La masticación es el proceso llevado a cabo en la cavidad oral, por medio del cual un alimento es reducido a un tamaño y forma adecuada que posibilitan a través de degluciones sucesivas, con - sumirlo completamente. La unidad fundamental del proceso masticatorio es denominada ciclo masticatorio, el cual consta de una fase de apertura (descenso mandibular), fase de cierre (ascenso mandibular) y una fase oclusal (contacto de las piezas dentarias con generación de fuerzas por contracción de los músculos elevadores mandibulares). El organismo requiere preparación a través de determinado tiempo para que el individuo consiga masticar, este tiempo es completado después que la primera dentición este completamente establecida (4-5 años).

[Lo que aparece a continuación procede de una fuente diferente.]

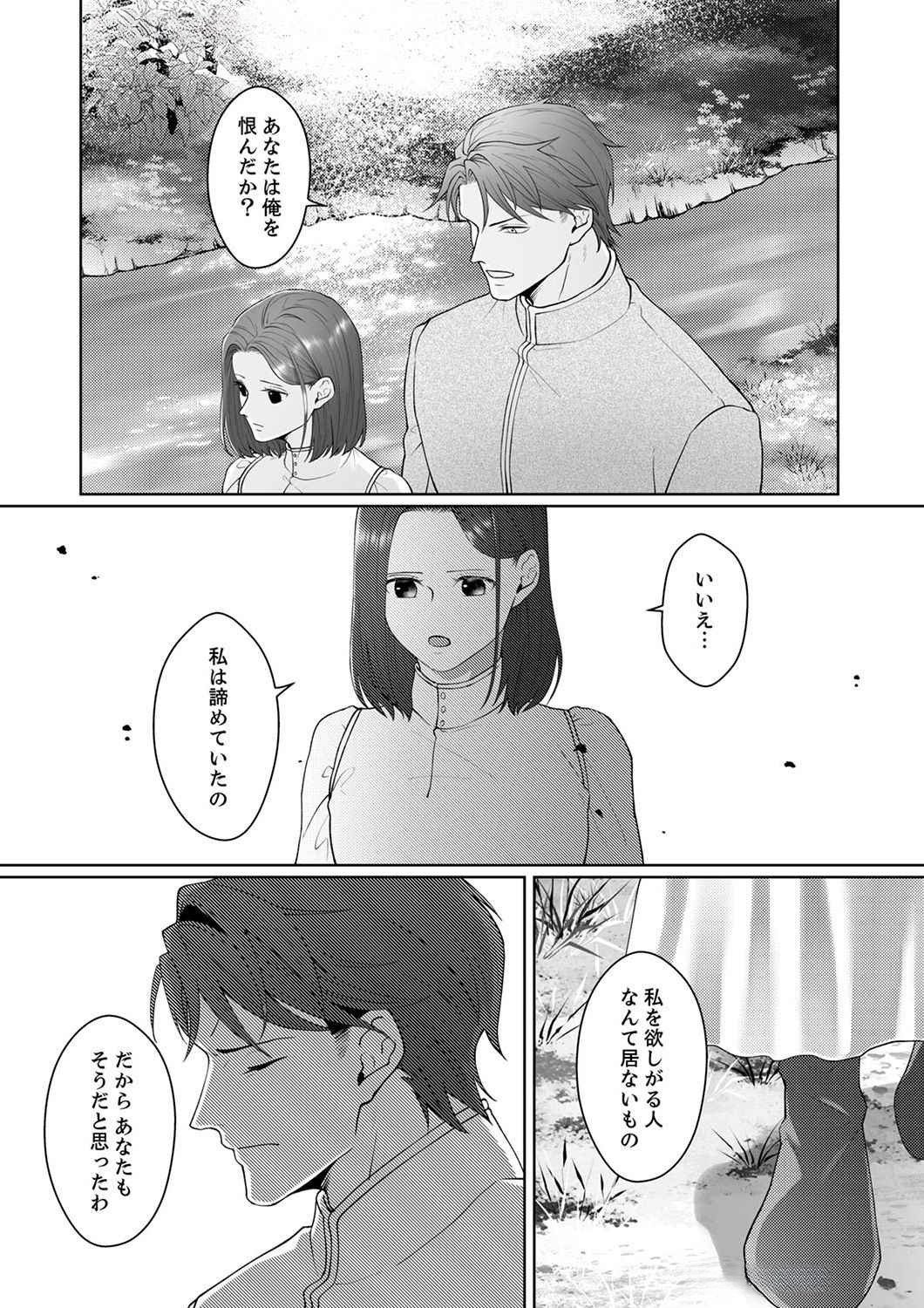 Okizari ni Sareta Hanayome wa, Henkyou Kishi no Bukiyou na Ai ni Kizukanai Chapter 4 21ページ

La función masticatoria es uno de los elementos más importantes en el desarrollo del tercio medio e inferior de la cara. El aparato masticatorio necesita tal cantidad de estimulo, el cual es proporcionado por los alimentos duros, secos y de consistencia fibrosa. La alimentación moderna es rica en alimentos refinados y procesados tales como papillas, compotas, hamburguesas, los cuales satisfacen las necesidades nutritivas, pero no producen la excitación necesaria para el desarrollo de los maxilares, en consecuencia los dientes no encuentran espacio para hacer erupción, apareciendo diversas mal oclusiones dentarias. Los movimientos mandibulares que se realizan al masticar alimentos duros, secos y fibrosos son más amplios y pronunciados que los que se efectúan con la alimentación blanda, provocando desgastes y movimientos dentarios que producen una oclusión dinámicamente equilibrada, la masticación bilateral y alternada, con gran numero de contactos dentarios durante los ciclos masticatorios, con movimiento de lateralidad funcionales, condicionan el correcto desarrollo de la mandíbula y maxilar superior.

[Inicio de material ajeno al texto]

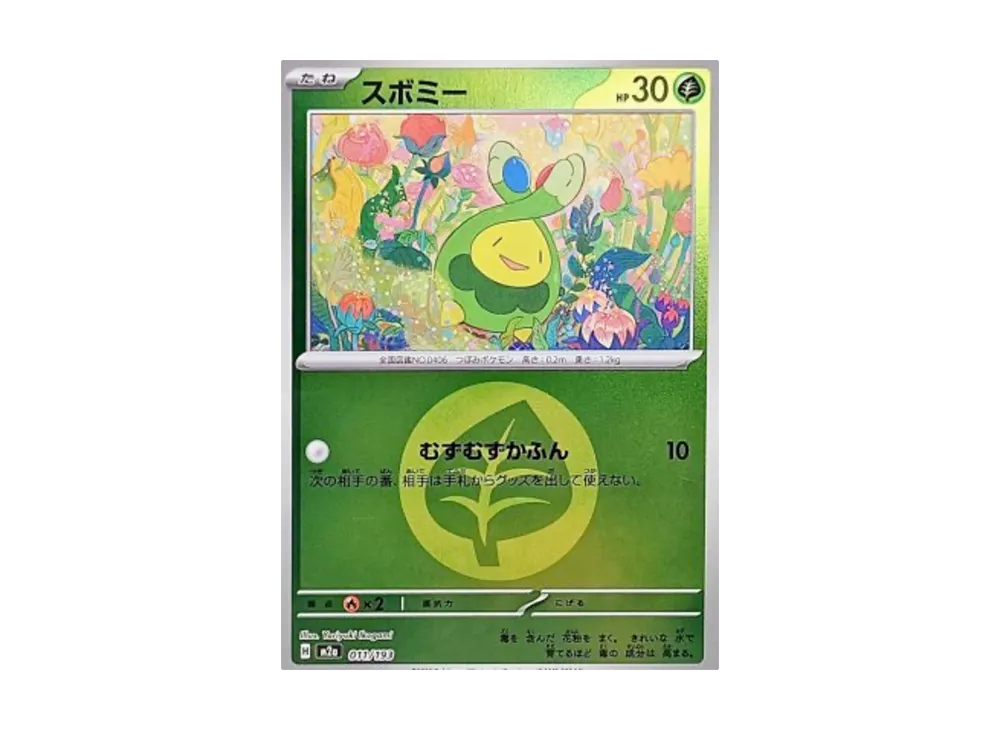 スボミー :エネルギーマークミラー [M2a 011/193](ハイクラスパック「MEGAドリームex」)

Debe incluirse en la dieta de los niños alimentos como zanahoria cruda, coco, manzanas y duraznos con piel, pistacho, maní, almendras, pasas, mango, brócoli, y carne en trozos. La función masticatoria debe ser realizada sin inclusión de líquidos ya que estos disminuyen la eficiencia masticatoria. De esta forma los maxilares reciben un estimulo adecuado para un correcto desarrollo.

 

PREVENCIÓN

Detectar a tiempo algún hábito inadecuado en la cavidad oral de tu hijo le evitará problemas en su desarrollo dental. La mala posición dentaria estará asociada a ello y por lo tanto el papel de los padres es fundamental para descubrirlo y consultar al Odontólogo Ortopedista y/o Odontopediatra

 

¿A QUÉ EDAD DEBEMOS LLEVAR AL NIÑO A CONSULTA? ? Lo ideal sería cuando está en la barriga de la mamá, para que las funciones orales normales no se transformen en hábitos orales perjudiciales. A la edad de 3 años ya se ha completado la primera dentición, también llamada Dentición de Leche. ¡Es un buen momento para comenzar!

 

¿QUÉ TIPO DE TRATAMIENTO PODEMOS REALIZAR EN ESTOS MOMENTOS?

• Enseñar a masticar

• Odontopediatría oportuna

• Pistas Directas Planas

• Sistema Trainer Infantil De esta forma, se mantiene la estética, la guía de erupción de los dientes permanentes, lo que favorece la correcta pronunciación de las palabras. Las malas posiciones dentarias están presentes cuando termina la erupción de la primera dentición, no esperes a que mude todos los dientes de leche para corregirlos (12 años). Los aparatos de Ortopedia se pueden colocar desde los 3 años. Estás a tiempo, cuanto antes mejor.